Luxury companies may well turn to Hungary in 2012, as Brand Hungary gains weight. Vienna Design Week’s inaugural edition was impressive, and showed more than anything how strong the apprenticeship still is in the education and social structure of some parts of the world – standing alongside university education rather than being a poor substitute for it. Turkey is a buzz-country too: will Istanbul challenge Dubai with its new airport? Turkey also plays an interesting role diplomatically, and its political choices are worth keeping up with.
The return of manufacturing in the US and EU is another development to watch out for – Britain is beginning to realise the value of its homegrown talent, while Oscar de la Renta now manufactures in Brooklyn. Liberty, John Lewis and many other proud British brands are leading the way in this.
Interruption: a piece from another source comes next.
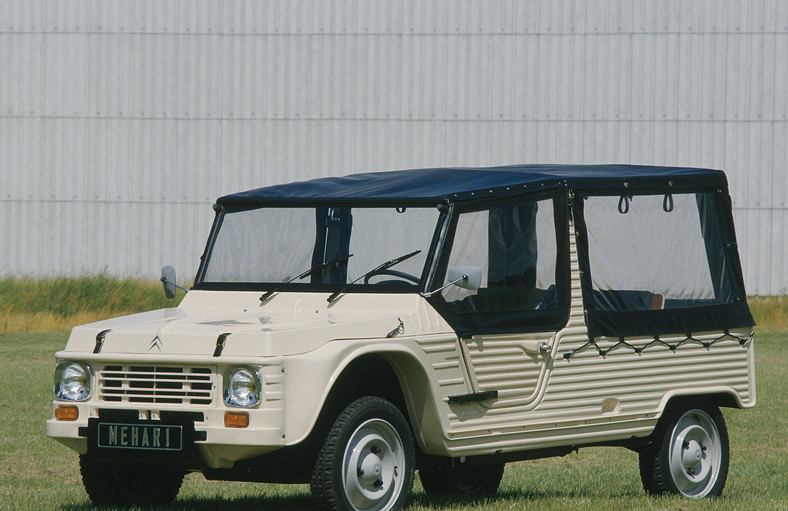 Galeria dnia - Citroen Mehari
Brûlé also heralded “a solid base”, the return of sustainable maintenance to architecture, and pleaded for “a bit of patina please”. Solutions that deliver high shine short-term just won’t cut it any more, and happily, he reported, “we are starting to hear that there is an investment in doing things properly, and building things to last”.
Next, a subject that any regular reader will know is close to Monocle’s heart: charm is apparently a big theme in the February issue. “You can’t buy charm overnight, but there are things you can do to subtly engineer it,” Brûlé insisted, calling for exceptional, charming customer service from people who, crucially, enjoy what they do.
People have returned to Japan. High-end hotels are reporting 100% occupancy at the moment, and one excellent reason to return is Yoyogi Village – an entire, integrated retail community in Tokyo. Another interesting shopping village in Japan, set up by Japan’s equivalent of Blockbuster, Tsutaya Books, opened in early December and offers three interconnected pavilions, including Magazine Avenue – an oak pathway which stocks the best magazines in the world, as well as vintage copies of classics such as Vogue. The customer vision for the village is 35+, as that’s where the money is in Japan. “In retail, over the past decade, this is the best thing I’ve seen,” said Brûlé. High praise indeed.
And one last thing to emerge from the night’s conversations with leaders of political analysis, travel development, and architecture. For people who are used to bespoke, to last-minute changes, to reams and reams of options, to whatever they want to buy – the ultimate luxury, just maybe, is “the luxury of no choice”.